用python正则表达式匹配url中的类别？_Python_Regex

用python正则表达式匹配url中的类别？

python regex

用python正则表达式匹配url中的类别？,python,regex,Python,Regex,我想匹配以下url中的类别：新闻和政治请注意，可能有一个或多个类别。一个类别可以通过在文本边上加/或在数字中间加/来识别我尝试的是： item.url = 'http://www.example.com/news/politics/this-is-article-name-1993591' compiled_regex = re.compile('/.+(?!/)/') match = compiled_regex.search(item.url) 答案是否定的我希望获得的预期结果：

我想匹配以下url中的类别：新闻和政治

请注意，可能有一个或多个类别。
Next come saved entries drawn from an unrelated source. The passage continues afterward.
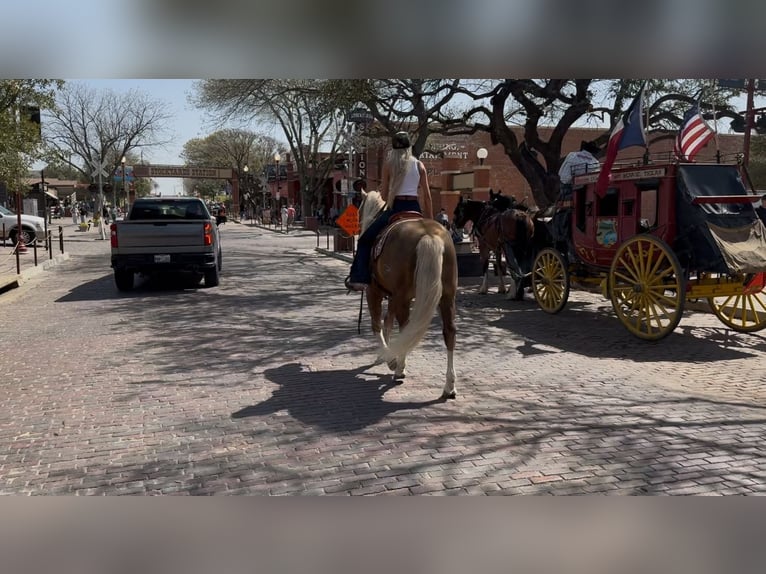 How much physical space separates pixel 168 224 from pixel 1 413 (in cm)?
816

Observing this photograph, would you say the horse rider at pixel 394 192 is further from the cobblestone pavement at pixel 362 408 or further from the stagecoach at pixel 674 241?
the stagecoach at pixel 674 241

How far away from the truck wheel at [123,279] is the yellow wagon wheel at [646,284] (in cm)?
975

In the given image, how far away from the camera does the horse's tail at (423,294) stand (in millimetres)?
5777

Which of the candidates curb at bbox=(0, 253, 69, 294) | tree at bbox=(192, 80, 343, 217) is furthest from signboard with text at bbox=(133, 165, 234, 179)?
curb at bbox=(0, 253, 69, 294)

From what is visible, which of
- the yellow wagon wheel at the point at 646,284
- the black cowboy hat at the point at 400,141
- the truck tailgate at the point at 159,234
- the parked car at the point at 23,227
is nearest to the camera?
the black cowboy hat at the point at 400,141

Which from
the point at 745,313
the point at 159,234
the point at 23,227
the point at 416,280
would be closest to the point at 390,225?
the point at 416,280

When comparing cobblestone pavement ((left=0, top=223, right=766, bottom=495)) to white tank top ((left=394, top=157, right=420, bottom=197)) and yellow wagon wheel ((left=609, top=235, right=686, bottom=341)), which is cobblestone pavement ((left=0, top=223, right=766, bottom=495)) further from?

一个类别可以通过在文本边上加/或在数字中间加/来识别

我尝试的是：

item.url = 'http://www.example.com/news/politics/this-is-article-name-1993591'

compiled_regex = re.compile('/.+(?!/)/')

match = compiled_regex.search(item.url)

答案是否定的

我希望获得的预期结果：

match.group(0) = `news`
match.group(1) = `politics`

根据你的定义，类似这样的东西：

categories = item.url.split('/')[3:-1]

根据你的定义，类似这样的东西：

categories = item.url.split('/')[3:-1]

我不使用正则表达式，而是使用它来解析URL

>>> url = 'http://www.example.com/news/politics/this-is-article-name-1993591'
>>> import urllib.parse

>>> urllib.parse.urlparse(url)
ParseResult(scheme='http',
            netloc='www.example.com',
            path='/news/politics/this-is-article-name-1993591',
            params='',
            query='',
            fragment='')

>>> urllib.parse.urlparse(url).path
'/news/politics/this-is-article-name-1993591'

>>> urllib.parse.urlparse(url).path.split('/')[1:-1]
['news', 'politics']

我不使用正则表达式，而是使用它来解析URL

>>> url = 'http://www.example.com/news/politics/this-is-article-name-1993591'
>>> import urllib.parse

>>> urllib.parse.urlparse(url)
ParseResult(scheme='http',
            netloc='www.example.com',
            path='/news/politics/this-is-article-name-1993591',
            params='',
            query='',
            fragment='')

>>> urllib.parse.urlparse(url).path
'/news/politics/this-is-article-name-1993591'

>>> urllib.parse.urlparse(url).path.split('/')[1:-1]
['news', 'politics']

但是，如果您确实需要使用regexp，其他人给出了有用的答案：

>>> import re
>>> url = 'http://www.example.com/news/politics/this-is-article-name-1993591'
>>> re.match('https?://[^/]+/([^/]+)/([^/]+)/', url).groups()
('news', 'politics')

但是，如果您确实需要使用regexp，其他人给出了有用的答案：

>>> import re
>>> url = 'http://www.example.com/news/politics/this-is-article-name-1993591'
>>> re.match('https?://[^/]+/([^/]+)/([^/]+)/', url).groups()
('news', 'politics')

预期产量是多少？你在找什么图案吗？请更清楚一点。预期的输出是什么？你在找什么图案吗？请更清楚一点。我测试了这个，只有当url中有2个类别时，1个和3个或更多类别才有效。是的，这意味着必须至少有两个类别。URL结构取决于站点，根据您试图解析的站点，您可能需要使用几种不同的策略。如果您认为一个regexp将匹配所有的regexp，那么您可能是以错误的方式处理问题。我测试了这一点，只有当url中有两个类别时，1个和3个或更多类别才有效。是的，这意味着必须至少有两个类别。URL结构取决于站点，根据您试图解析的站点，您可能需要使用几种不同的策略。如果您认为一个regexp将匹配所有的regexp，那么您可能是以错误的方式处理问题。